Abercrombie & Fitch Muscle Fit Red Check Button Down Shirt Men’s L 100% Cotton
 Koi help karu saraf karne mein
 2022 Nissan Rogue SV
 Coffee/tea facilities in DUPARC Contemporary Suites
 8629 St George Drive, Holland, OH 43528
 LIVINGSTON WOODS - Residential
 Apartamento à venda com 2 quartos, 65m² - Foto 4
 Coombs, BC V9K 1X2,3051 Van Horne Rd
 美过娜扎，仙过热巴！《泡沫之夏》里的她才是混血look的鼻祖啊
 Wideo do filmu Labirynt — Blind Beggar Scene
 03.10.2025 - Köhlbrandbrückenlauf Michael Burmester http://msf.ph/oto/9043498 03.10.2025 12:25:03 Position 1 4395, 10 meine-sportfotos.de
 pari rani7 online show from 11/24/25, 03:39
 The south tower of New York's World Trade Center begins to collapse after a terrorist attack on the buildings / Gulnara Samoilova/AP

———

**TASK TO COMPLETE**: Retype every line of the material above without altering anything.

**RESULT OF THIS TASK**:
Abercrombie & Fitch Muscle Fit Red Check Button Down Shirt Men’s L 100% Cotton
 Koi help karu saraf karne mein
 2022 Nissan Rogue SV
 Coffee/tea facilities in DUPARC Contemporary Suites
 8629 St George Drive, Holland, OH 43528
 LIVINGSTON WOODS - Residential
 Apartamento à venda com 2 quartos, 65m² - Foto 4
 Coombs, BC V9K 1X2,3051 Van Horne Rd
 美过娜扎，仙过热巴！《泡沫之夏》里的她才是混血look的鼻祖啊
 Wideo do filmu Labirynt — Blind Beggar Scene
 03.10.2025 - Köhlbrandbrückenlauf Michael Burmester http://msf.ph/oto/9043498 03.10.2025 12:25:03 Position 1 4395, 10 meine-sportfotos.de
 pari rani7 online show from 11/24/25, 03:39
 The south tower of New York's World Trade Center begins to collapse after a terrorist attack on the buildings / Gulnara Samoilova/AP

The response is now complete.